Block diagram of the SP-II, showing the interconnections between the controller, RF relay unit and the transceiver pods.

Sheet 2

Block diagram of the SP-II's controller unit.

Sheet 3

Schematic diargram of the StationPro main printed circuit board. The same board is used in the SP-I.

Sheet 4 Schematic diagram of the microcontroller circuit board of the SP-II

Sheet 5

Front panel schematic diagram of the SP-II.

Sheet 6

Rear panel schematic diagram. The same board is used in the SP-I.

Sheet 7 Schematic diargram of the remote RF relay unit.

The StationPro II's controller circuitry is contained on four printed circuit boards. The main circuit board and the microcontroller circuit board house the bulk of the circuitry, while the front and rear panel circuit boards contain primarily the controls, LCD display, LED indicators and input and output connectors.

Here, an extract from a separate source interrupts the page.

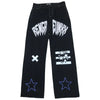 Streertwear Black Stellar Print High Denim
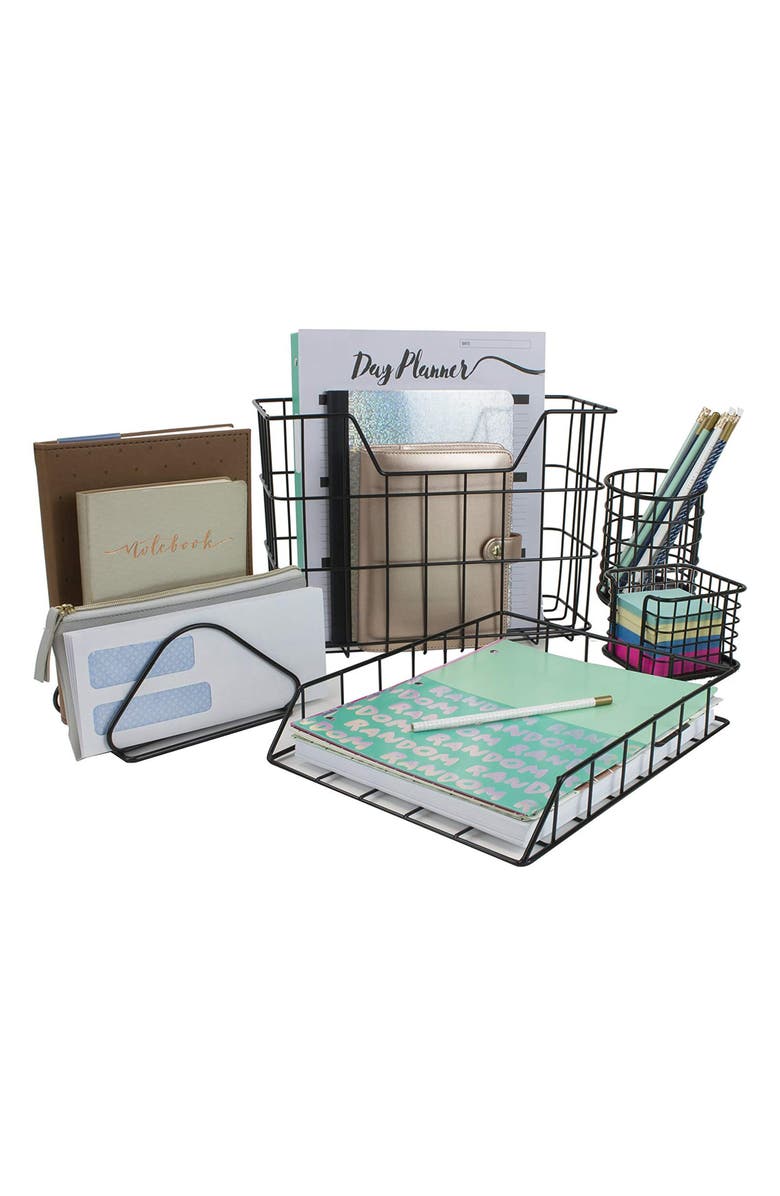 SORBUS Black Desk Organizer 5-Piece Set, Alternate, color, Black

Comparison of the StationPro I and StationPro II: The differences between the switching circuits of the StationPro I and the StationPro II are shown in the next two diagrams.   The following figure is a simplified switching diagram of the StationPro I. Inputs from either of two tranceiver/exciters, shown schematically in the figure as TRX1 and TRX2, are switched by relay K1. In practice, K1 is actually twelve DPDT relays, which switch a total of 24 control functions, all dedicated to DC, audio, and data signals from each transceiver.  None of these lines switch RF; all RF switching is done by power relays in a separate enclosure which are controlled by the StationPro.

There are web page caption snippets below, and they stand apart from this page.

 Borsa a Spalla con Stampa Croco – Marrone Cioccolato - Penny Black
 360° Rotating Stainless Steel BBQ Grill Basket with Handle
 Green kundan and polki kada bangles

K1 is activated by a front panel toggle switch labeled “TRX Sel." in the figure, which grounds the coils of K1 when TRX2 is selected. In addition to activating K1, this switch also illuminates the front panel LED indicators and grounds the appropriate line that controls the remote RF relays for the two transceiver/exciters.

Most of the 24 lines from TRX1 or TRX2 are directly routed to front and rear panel jacks on the StationPro. The exceptions are two lines that are intended to control linear amplifiers, shown on the diagram as AMP RLY and AMP ALC.  As shown in the bottom half of the above figure, these two lines are routed by additional poles on relay K1 to one of two amplifers, selected by switch labeled “Amp Sel.” Although it is not shown on the diagram, the “Amp Sel” switch also grounds the lines that control remote RF relays for switching either amplifier in or out of line.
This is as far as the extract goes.